SSC JE Electrical Previous Year Question Paper With Solution and Explanation 2018-Set 2 | MES Electrical | SSC JE 2018 | SSC Junior Engineer Exam Paper “held on 24 Jan 2018”

Ques.1. Which of the following material does not allow the current to flow in it?

When an electric field is applied to a conductor, there occurs a large scale physical movement of free electrons because these are available in large numbers in Conductor.

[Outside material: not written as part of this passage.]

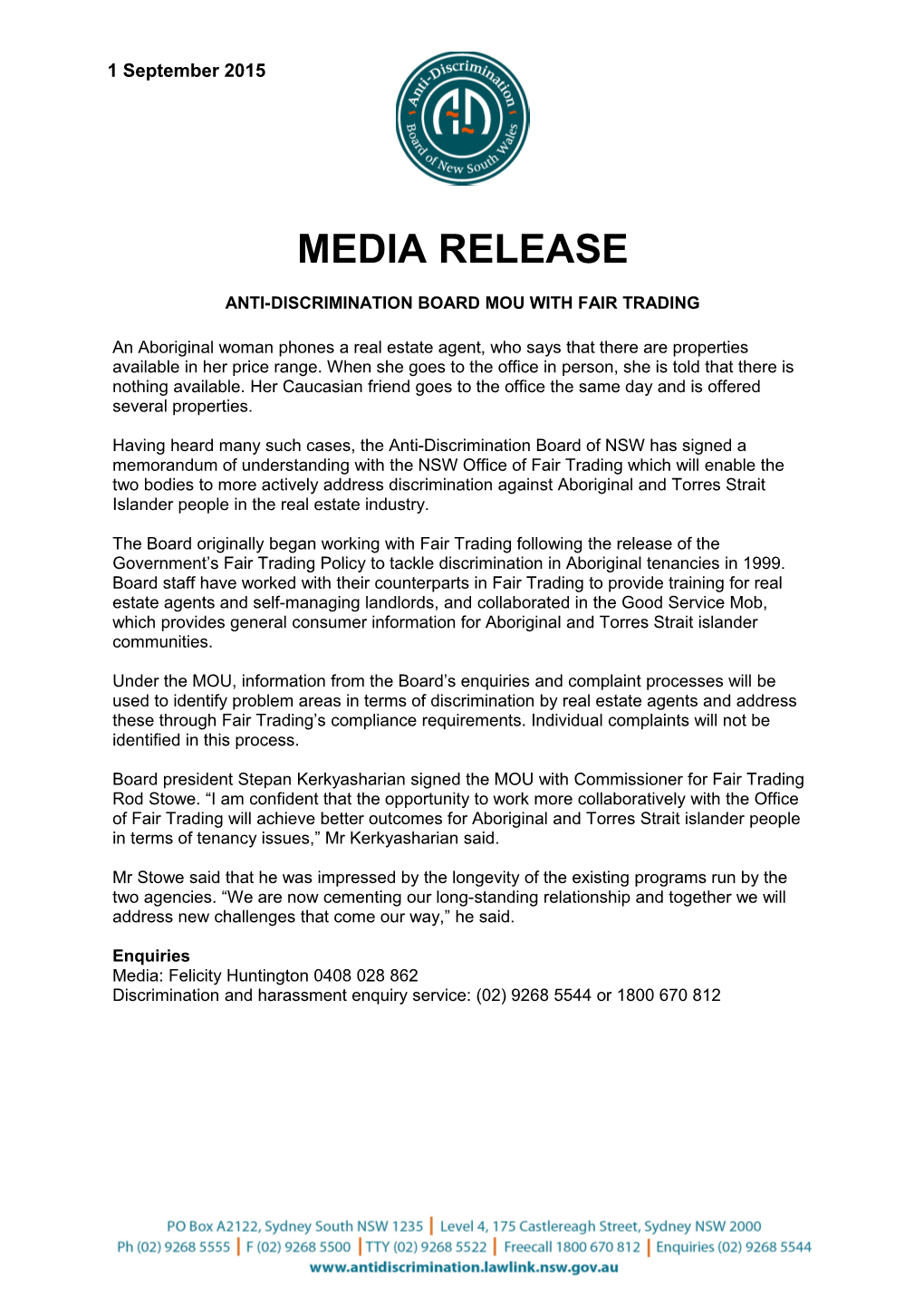 Media Release Anti-Discrimination Board Mou with Fair Trading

On the other hand, if an electric field is applied to an insulator, there is hardly any movement of free electrons because these are just not available in an insulator. Plastics, wood, and rubber are examples of good insulators. Pure water is also an insulator. Tap water, however, contains salts that form ions which can move through the liquid, making it a good conductor.

The insulator is also called the dielectric. There are practically no free electrons in the dielectric. The electrons in dielectric normally remain bounds to their respective molecules.

There are some materials, called semiconductors, which are intermediate between conductors and insulators.

Superconducting materials are the materials which conduct electricity without resistance below a certain temperature. Superconductivity is one of the most exciting phenomena in Physics, because of the peculiar nature and the wide application of this phenomenon. This phenomenon of superconductivity was first discovered by a Dutch physicist, H.K. Onnes. Superconducting materials are having very good electrical and magnetic properties. Before the discovery of superconductors, it is believed that the electrical resistivity of the material becomes zero, only at the absolute temperature.

Ques.2. How much power (in W) will be dissipated by a 5 Ohm resistor in which the value of current is 2 A?

10

30

20✓

40

Given

Resistance R = 5Ω

Current I = 2 A

Power dissipated by the resistor is

P = I^{2}R

P = 2^{2} × 5

P = 20 watts

Ques.3. Which property of an electrical conductor opposes a change in the current?

Resistance

Capacitance

Conductance

Inductance✓

An inductor is a device which temporarily stores energy in the form of the magnetic field. It is usually a coil of wire. One of the basic property of the electromagnetism is that when you have current flowing through the wire it creates a small magnetic field around it.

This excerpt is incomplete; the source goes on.